Pharmaceutical researchers used to begin their evaluation of drug leads by looking at affinity and potency, but a genomics/informatics-based research culture is now growing which is starting to impinge on this classical mode, says a new Cambridge Healthtech Institute report.
In order to make lead optimisation less time-consuming and more linear, companies are now concentrating on potential drugs leads' ADMET (absorption, distribution, metabolism, excretion and toxicological) properties and manufacturability, reports the study, entitled 'Advances in Lead Optimisation Accelerating Drug Discovery and Development.'
The study examines ways in which new technologies can contribute to early attrition of poor drug candidates, noting that this is central to the new drug discovery paradigm.
The major trend in lead optimisation is the movement toward in silico and high-throughput in vitro approaches, it says, noting that computational methods can be applied to chemical structures to predict ADMET properties even before the compound is synthesised so that only favourable compounds need to be synthesised for screening. The study also examines new approaches for predicting toxicity, and particularly the efforts of some groups to develop better animal model systems and look at ways to introduce these assays earlier in the process.

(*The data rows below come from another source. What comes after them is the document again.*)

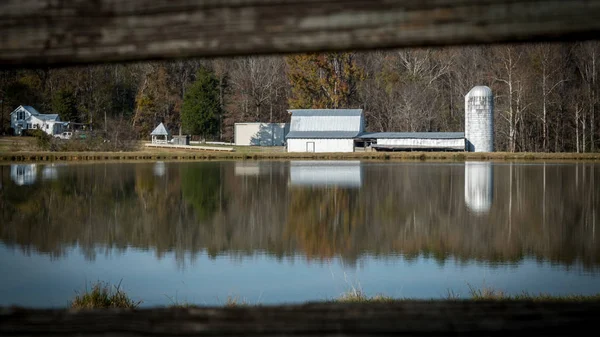 Edificios Agrícolas Reflexión Sobre Lago Carolina Del Norte — Foto de Stock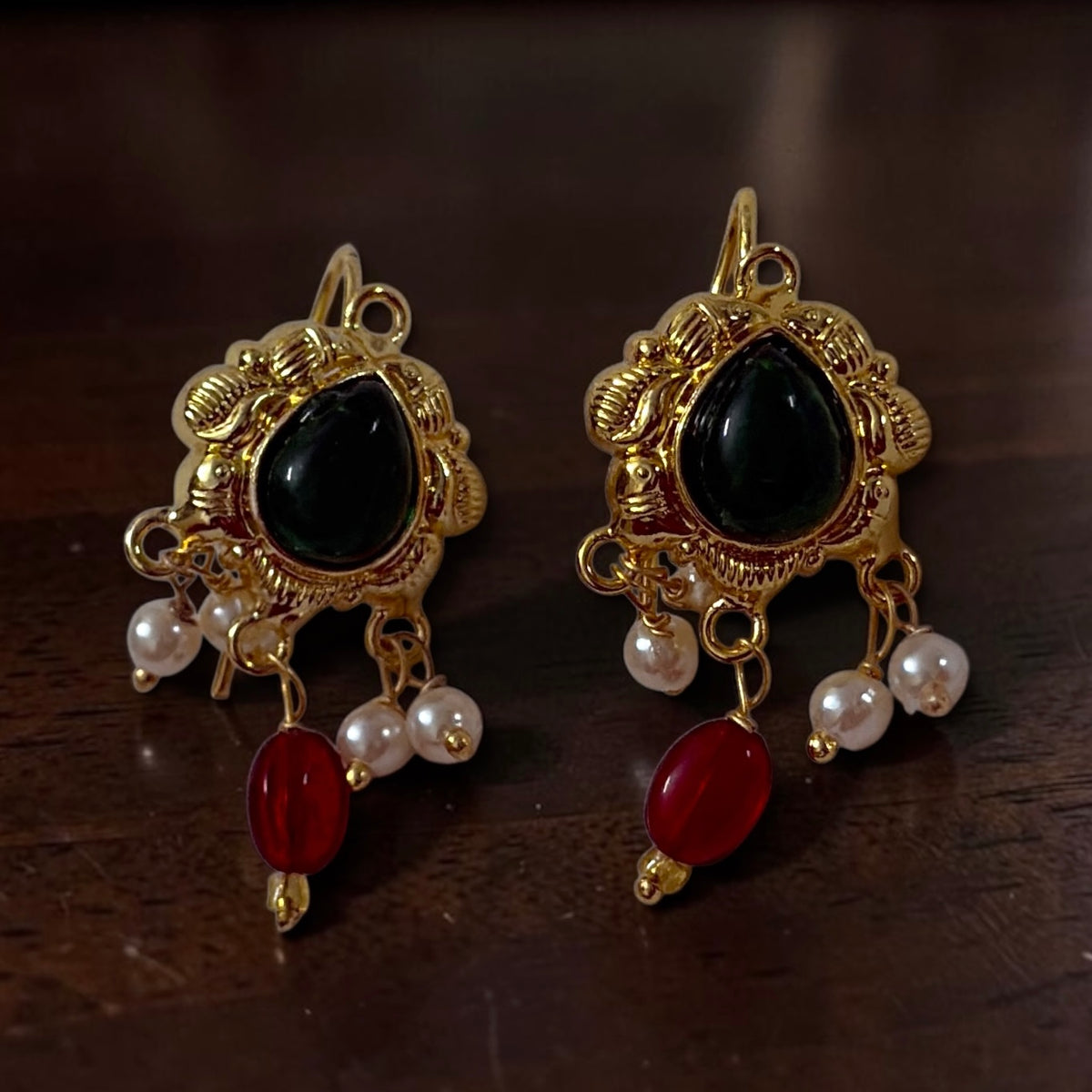 Real Gold Look Lightweight 24k Gold plated Traditional Studs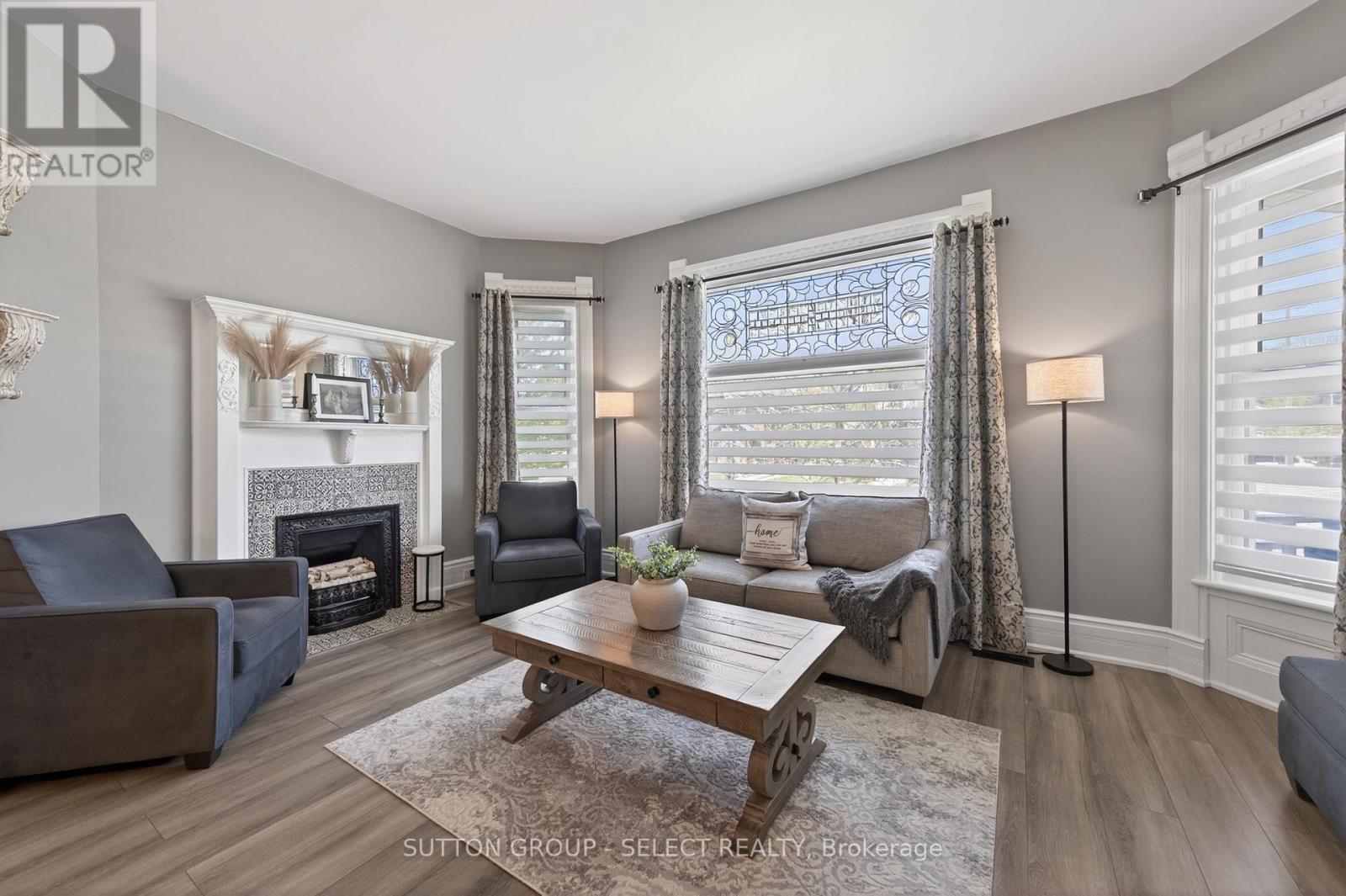 28 Wellington Street, St. Thomas, ON - Indoor Photo Showing Living Room With Fireplace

One expert interviewed for the study is Jim Blake, senior research investigator at Array Biopharma, who said: "We believe that the production of a large compound library, by itself, has limited value for drug discovery. Instead, we established chemical and structural parameters for what good leads look like, and designed our libraries so that any hits generated require less optimisation and will result in clinical candidates with a greater likelihood of success.
The idea is that if you begin with a high-quality compound from a high-throughout (or virtual) screen, then the lead time from hit to clinic is going to be much shorter."
A further area of growing impact, notes the report, involves the use of cells equipped with reporter gene constructs for high-throughput analysis of the expression of specific, pre-determined genes in response to compound administration.